Innenminister Dietmar Woidke entschuldigte sich einige Tage zuvor, wenn auch nicht bei den Betroffenen persönlich, dass es Unschuldige traf und warnte vor „Selbstjustiz“ als Vorstoß gegen den Rechtsstaat. Auch der Kremmener Bürgermeister Klaus-Jürgen Sasse und Detlef Reckin, Vorsitzender des Stadtverordnetenversammlung, entschuldigten sich für den Vorfall und die Stigmatisierung polnischer Mitbürger_innen in der Stadt.
Das Bündnis „Fight Rascism Now“ kritisiert die aktuelle Debatte: „Mit Polizeistatistiken, die suggerieren, dass Einbrüche in Berlin und Brandenburg generell auf das Konto “polnischer Banden” gehen würden, wird das rassistische Stereotyp auch in der aktuellen Berichterstattung reproduziert“, hieß es.

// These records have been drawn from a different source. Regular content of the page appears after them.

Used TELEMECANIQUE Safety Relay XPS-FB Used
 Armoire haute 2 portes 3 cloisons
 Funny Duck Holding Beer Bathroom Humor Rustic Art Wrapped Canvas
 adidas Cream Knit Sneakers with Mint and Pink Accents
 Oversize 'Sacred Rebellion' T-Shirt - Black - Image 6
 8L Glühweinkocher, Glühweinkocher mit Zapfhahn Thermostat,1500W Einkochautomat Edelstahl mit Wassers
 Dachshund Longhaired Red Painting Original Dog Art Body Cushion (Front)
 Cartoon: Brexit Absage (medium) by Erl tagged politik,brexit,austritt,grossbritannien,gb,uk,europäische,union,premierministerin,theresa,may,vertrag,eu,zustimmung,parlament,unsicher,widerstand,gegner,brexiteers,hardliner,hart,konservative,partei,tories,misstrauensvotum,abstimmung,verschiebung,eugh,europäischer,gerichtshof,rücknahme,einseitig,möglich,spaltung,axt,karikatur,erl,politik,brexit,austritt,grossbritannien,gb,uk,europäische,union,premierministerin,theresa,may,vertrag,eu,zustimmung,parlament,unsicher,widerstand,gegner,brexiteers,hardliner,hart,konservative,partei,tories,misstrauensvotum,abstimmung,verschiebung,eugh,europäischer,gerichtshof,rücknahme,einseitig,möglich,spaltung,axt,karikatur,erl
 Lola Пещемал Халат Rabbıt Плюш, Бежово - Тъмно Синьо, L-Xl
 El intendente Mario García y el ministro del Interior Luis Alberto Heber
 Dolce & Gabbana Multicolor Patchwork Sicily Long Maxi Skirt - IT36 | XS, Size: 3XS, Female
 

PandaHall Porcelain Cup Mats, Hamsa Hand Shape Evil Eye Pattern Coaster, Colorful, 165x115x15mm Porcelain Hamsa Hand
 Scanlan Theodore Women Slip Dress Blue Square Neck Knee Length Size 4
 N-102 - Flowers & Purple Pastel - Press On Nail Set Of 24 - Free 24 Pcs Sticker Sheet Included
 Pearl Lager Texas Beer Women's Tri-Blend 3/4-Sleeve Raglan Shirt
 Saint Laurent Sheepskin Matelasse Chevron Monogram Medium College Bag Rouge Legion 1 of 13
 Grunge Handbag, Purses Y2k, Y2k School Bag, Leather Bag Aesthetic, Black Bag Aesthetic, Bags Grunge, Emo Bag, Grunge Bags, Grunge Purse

„Bürgerwehr“ in Brandenburg
Passend zur aktuellen Debatte um vermeintliche Grenzkriminalität wurden Forderungen in den Medien nach mehr Sicherheitsgewährleistung durch die Polizei laut. Tatsächlich wird in diesen Zusammenhang das Konzept “Bürgerwehr” durch die Polizei indirekt unterstützt. Durch Handzettel ruft die Brandenburger Polizei auf Verdächtiges zu melden. Laut Polizeipräsidium Potsdam existieren in Brandenburg 76 „sogenannte Sicherheitspartnerschaften“, an denen sich derzeit 480 Bürger_innen beteiligen. In einigen Fällen agieren jedoch Bürgerwehren zumindest ansatzweise autonom und verfügen über Anknüpfungspunkte ins organisierte extrem rechte Milieu. So hat die NPD in Schöneiche versucht, eine Bürgerwehr gegen sogenannte “kriminelle Ausländer” zu stellen.